### What the task requires
Return the listing below verbatim. Pictures do not belong in the copy.

### Data block
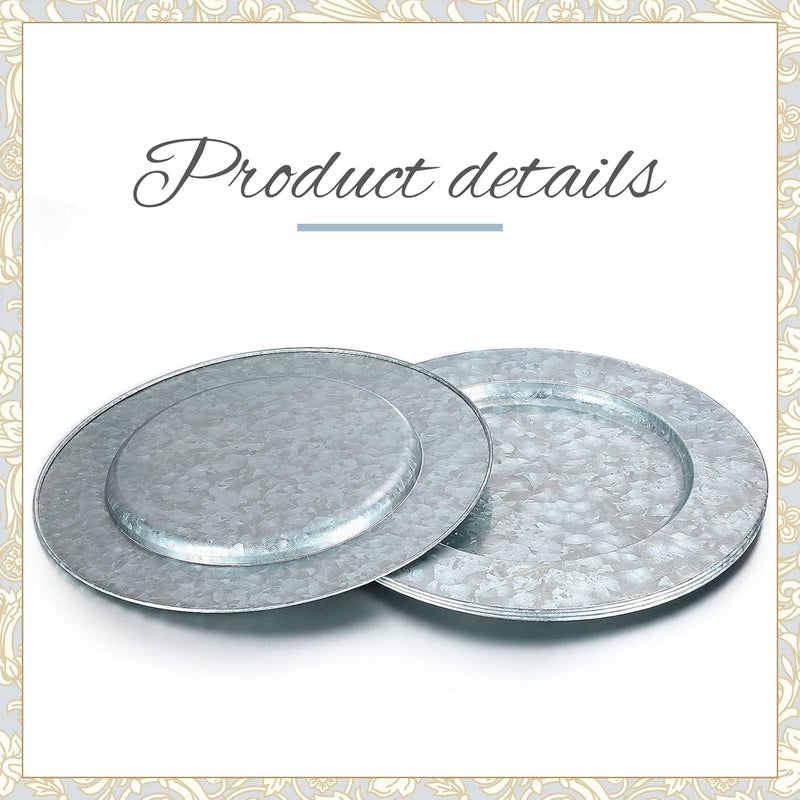 Maxdot 24 Pcs 13 Inches Round Charger Plates Silver Rustic Galvanized Metal Chargers Plates Farmhouse Modern Home Table Decoration for Dinner Wedding Party - Image 3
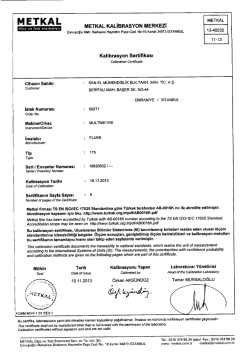 Kalibrasyon Multimetre Fluke 2014 - SAN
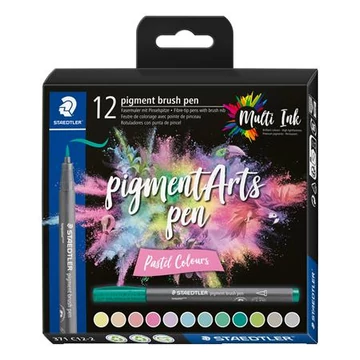 Staedtler ecsetirón készlet, pigment brush 371, 12 különböző pasztell szín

### Answer below
 Maxdot 24 Pcs 13 Inches Round Charger Plates Silver Rustic Galvanized Metal Chargers Plates Farmhouse Modern Home Table Decoration for Dinner Wedding Party - Image 3
 Kalibrasyon Multimetre Fluke 2014 - SAN
 Staedtler ecsetirón készlet, pigment brush 371, 12 különböző pasztell szín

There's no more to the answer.